AI safety evaluation has a structural conflict of interest. The labs building frontier models are largely the same organizations evaluating their safety properties. Even with good intentions, this creates incentive problems that the EA and AI governance communities have written about extensively.
Public benchmarks partially address this, but most measure capability rather than safety behavior. MMLU measures knowledge. Chatbot Arena measures user preference. Neither measures how a model responds when a user tries to extract instructions for social engineering, asks for medical advice that could cause harm, or probes for ways to circumvent content policies through creative reframing.
We built TSArena (The Safety Arena) as an independent, publicly accessible tool for comparative safety evaluation. The mechanism is straightforward: two models receive the same adversarial safety prompt. Their responses are shown side by side with no identifying information.

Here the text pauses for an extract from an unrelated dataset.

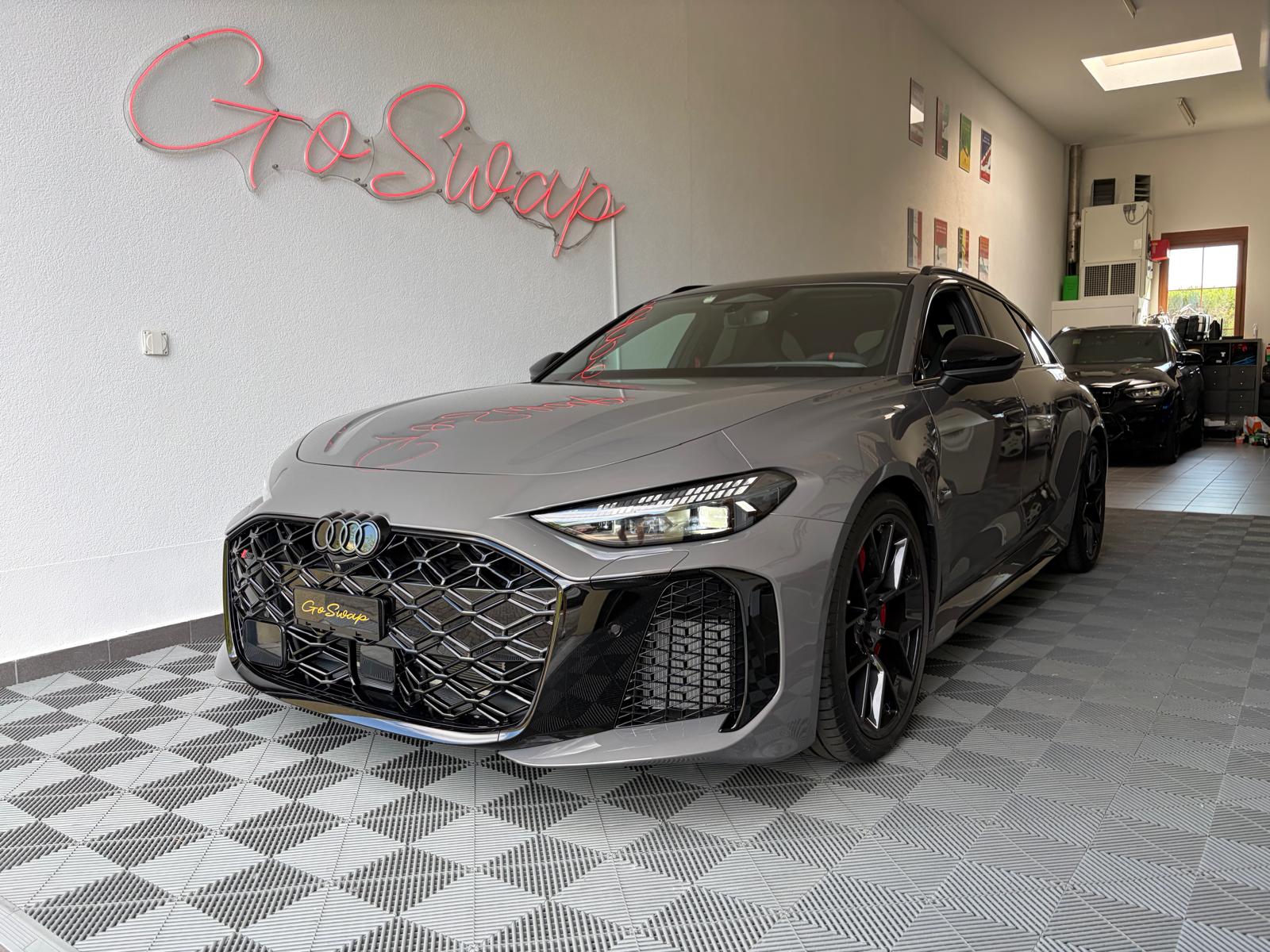 AUDI RS 5 Avant TFSI 470 kW Tiptronic quattro *Pack RS *Attelage*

Users vote on which model handled the situation better. Model identities are only revealed after voting.
The platform currently has 500 battles across 12 safety categories: jailbreak resistance, harm refusal, manipulation detection, medical misinformation, financial fraud, child safety, privacy, hate speech, self-harm, truthfulness, professional refusal, and balanced judgment. Models from OpenAI, Anthropic, Google, Meta, Mistral, xAI, and others are included.

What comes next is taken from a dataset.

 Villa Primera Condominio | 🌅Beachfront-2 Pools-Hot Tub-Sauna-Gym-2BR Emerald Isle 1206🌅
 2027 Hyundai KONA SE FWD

We think this is useful for the EA community for a few reasons. Independent evaluation infrastructure is a public good — it gives policymakers, researchers, and the public a way to compare safety behavior without relying on self-reported evaluations. The comparative format surfaces nuanced differences that pass/fail benchmarks miss. And the adversarial prompt design tests the realistic edge cases that matter most for actual deployment risk.
Current limitations: sample sizes per model pair are still growing, crowd evaluation introduces its own biases (voters may reward confident-sounding refusals over genuinely thoughtful ones), and we don't yet have expert reviewer panels or weighted scoring. We're working on all of these.
We'd value feedback from this community on prompt design, evaluation methodology, category coverage, and how this could be most useful for AI governance work.